Quali sono le principali novità del suo libro? “Beh, vi si trovano approfondimenti che è raro rinvenire in pubblicazioni italiane. Grazie al fatto di essere tedesco, ho avuto accesso a documenti altrimenti difficili da reperire. Inoltre mi sono avvalso della collaborazione di numerosi specialisti, come la professoressa Ilse-Lore Konopatzki, autrice del più dettagliato saggio esistente sull’infanzia di Pacelli, che presenta in esclusiva i temi da lui scritti al liceo. Purtroppo il volume della Konopazki non ha trovato un editore in Italia, quindi lei stessa mi ha autorizzato a riportare nel mio libro varie citazioni. Per i lettori italiani sarà un’anteprima assoluta”.

E c’è dell’altro..”Sì, ho ottenuto il permesso di consultare l’Archivio segreto vaticano, dove ho scoperto testi che testimoniano i rapporti di Pacelli con l’allora neonato movimento sionista, all’indomani della Prima guerra mondiale. Va ricordato che il sionismo era guardato con sospetto in molti circoli cattolici, mentre Pacelli simpatizzava esplicitamente con gli ebrei. Ebbe anche un compagno di scuola ebreo, del quale frequentava la casa e con il quale, addirittura, celebrava il Sabato. Il che dimostra che le accuse di antisemitismo che gli vengono mosse da biografi come John Cornwell e Daniel J. Goldhagen sono totalmente false. Pacelli fece sempre del suo meglio per venire incontro alle richieste da parte ebraica, sia quando lavorava in Segreteria di Stato, sia quando era nunzio apostolico in Germania”.

E quindi, la sua presunta simpatia per Hitler? “Ho avuto l’opportunità di documentare a fondo uno degli aspetti più affascinanti del suo pontificato: la sua collaborazione segreta con la Resistenza militare tedesca per abbattere Hitler. Per quel tentativo è diventato famoso il colonnello Claus von Stauffenberg, che però entrò solo alla fine a far parte della cospirazione, ordita fin dal 1939 dal generale Ludwig Beck. Tramite l’avvocato Joseph Mueller, i cospiratori si misero in contatto con il Papa perché chiedesse il sostegno degli inglesi. Pio XII accettò, nonostante i Patti lateranensi lo vincolassero alla neutralità. Altro che amico di Hitler! Tramava contro di lui!”.

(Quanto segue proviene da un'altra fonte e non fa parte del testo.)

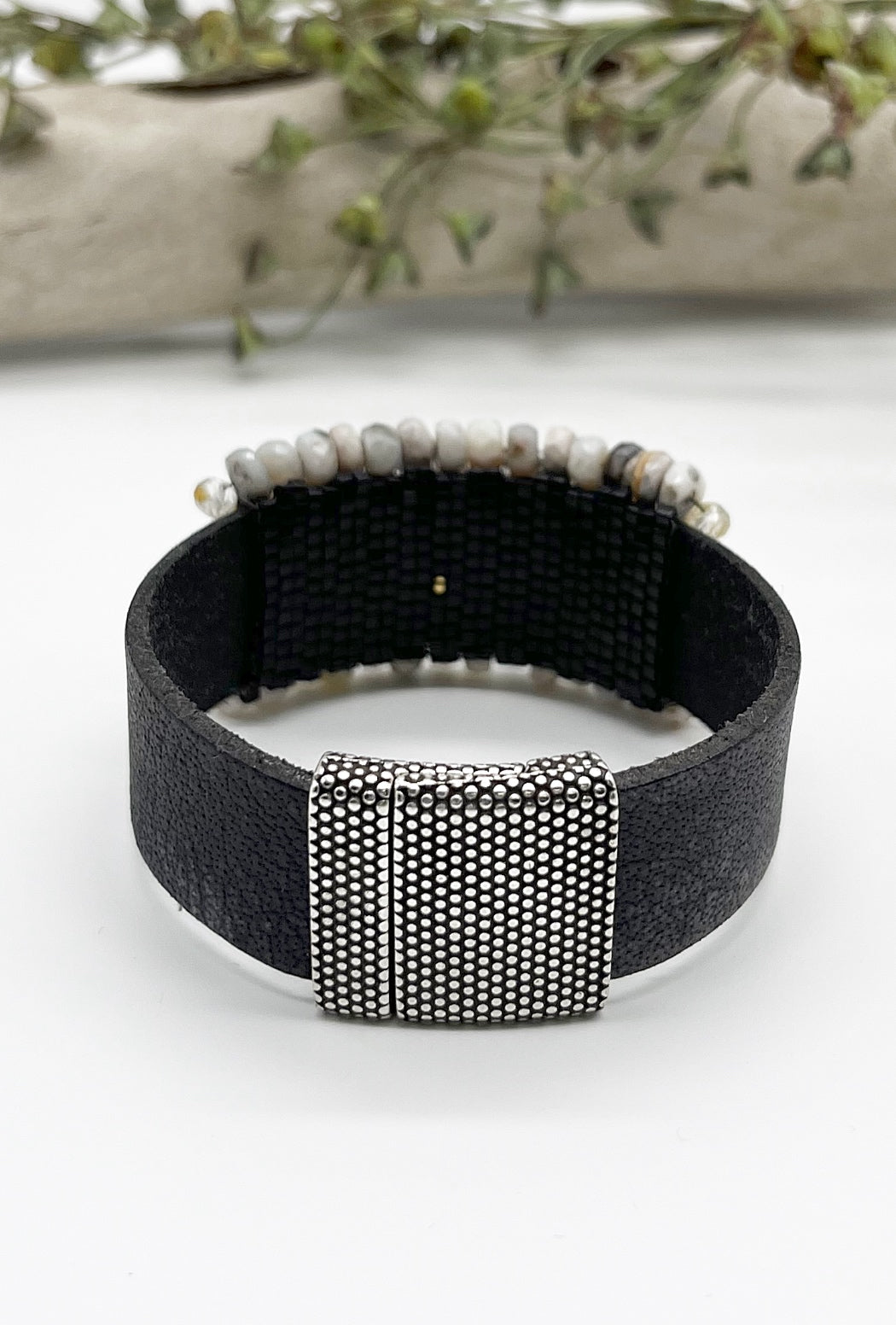 Martell Studio Wide Australian Opal Leather Bracelet
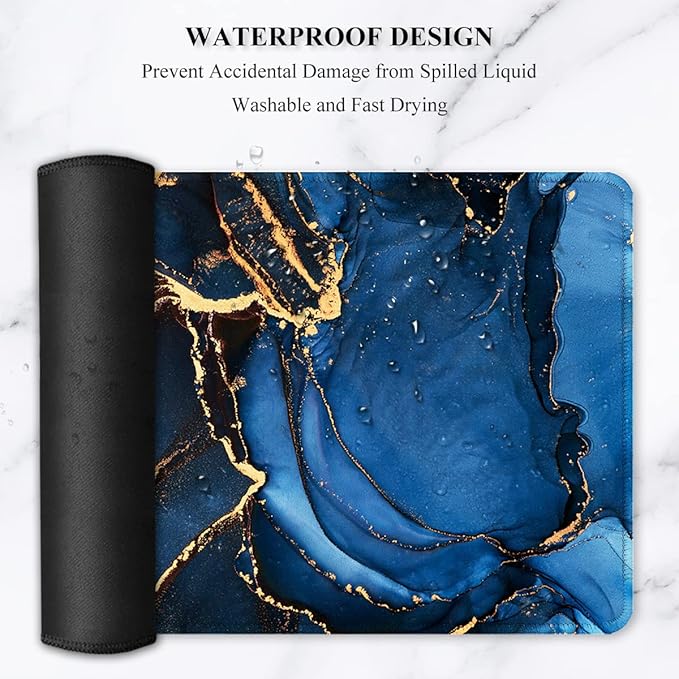 Auhoahsil Large Mouse Pad, XXL Desk Pad, Extened 35" x 15", Non-Slip Rubber Base, Stitched Edges, Superior Surface, Waterproof Keyboard Mat, Large Mousepad for Gamer, Office & Home, Dark Blue Marble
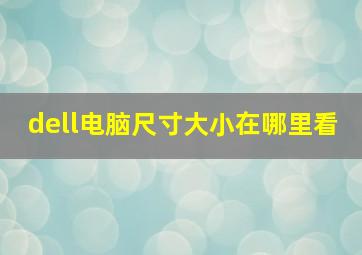 dell电脑尺寸大小在哪里看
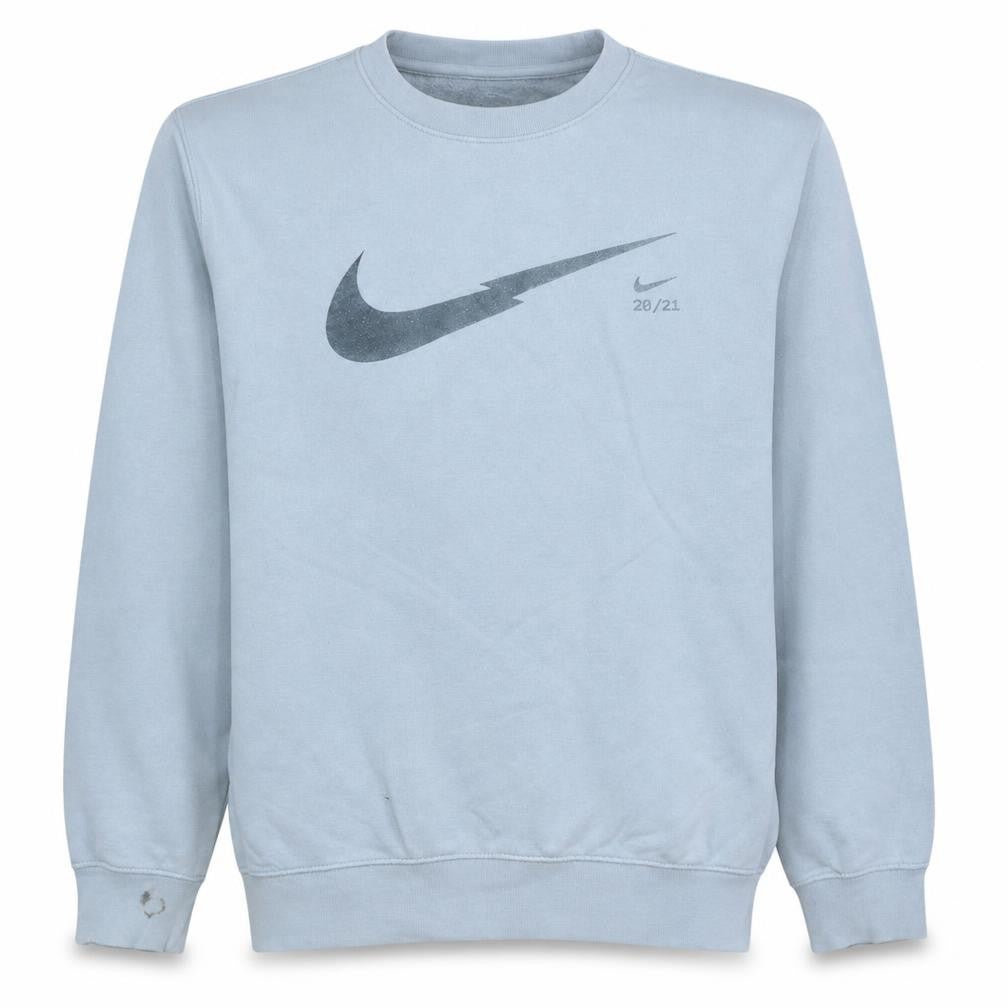 Front view of Nike Men's Grey Graphic Logo Pullover Sweatshirt M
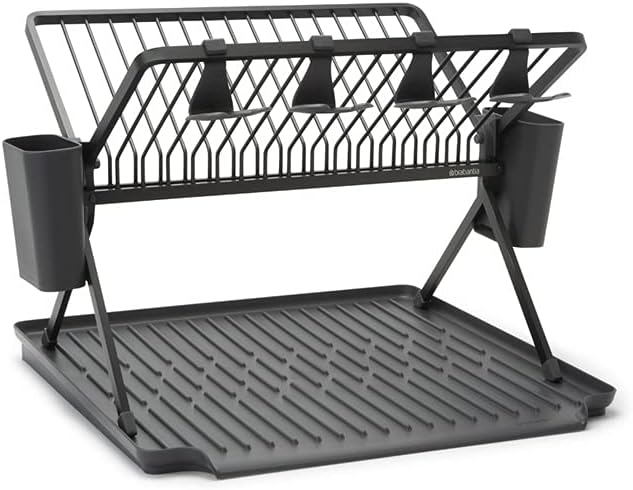 Brabantia Dish Drainer, Aluminium, Dark Grey, Large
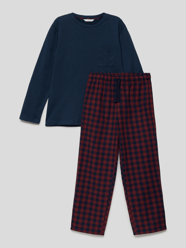 Pyjama mit Karomuster Modell 'PIJAMA' von Mango Blau / Türkis - 7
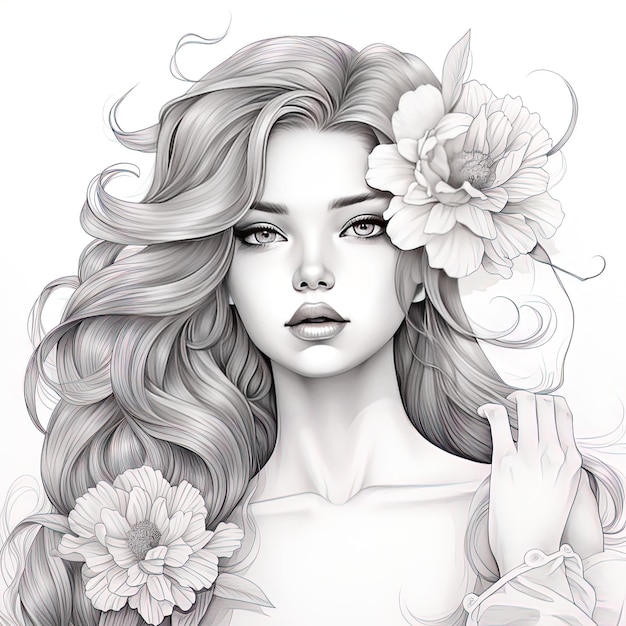 eine Zeichnung einer Frau mit Blumen im Haar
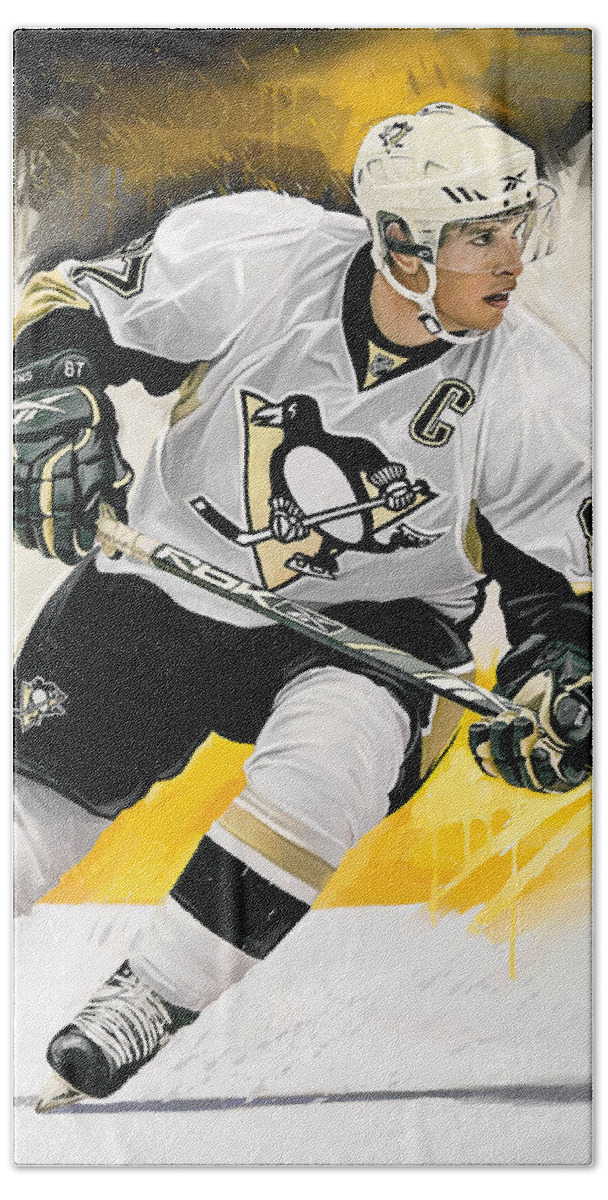 Sidney Crosby Paintings Beach Towel featuring the mixed media Sidney Crosby Artwork by Sheraz A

Tant’è che al termine della Seconda guerra mondiale Pio XII era considerato un eroe da tutti, ebrei compresi. Poi cos’è successo? “Pio XII salvò 850.000 ebrei dalla Shoah, come è stato appurato dallo storico israeliano Pinchas Lapide. Per la sua opera il Papa venne elogiato da personaggi come Chaim Weizmann, primo presidente dello Stato di Israele, e Golda Meir. Numerosi sopravvissuti andarono a ringraziarlo di persona. Gli ebrei italiani gli dedicarono una giornata di ringraziamento il 17 aprile 1955, appendendo anche una targa commemorativa al Museo della Resistenza di Roma’ targa che ‘stranamente’ non c’è più. Allora, cos’è successo? È successo che la propaganda ha funzionato. A oliare la macchina propagandistica è stato il drammaturgo opportunista tedesco Rolf Hochhuth, autore dell’opera Il Vicario, prodotta con l’appoggio di Mosca. Hochhuth dipinge Pacelli come un gelido politicante che decide di tacere sulla Shoah perché Hitler gli torna utile per frenare Stalin. E siccome oggi la Storia non la scrivono più gli storici ma i mass media’ ecco che è nata una nuova ‘leggenda nera’ contro la Chiesa. La verità è che Pio XII, al contrario, accettò l’alleanza tra America e Russia purché Hitler venisse sconfitto. Solo al termine della guerra si impegnò nella lotta contro il comunismo”.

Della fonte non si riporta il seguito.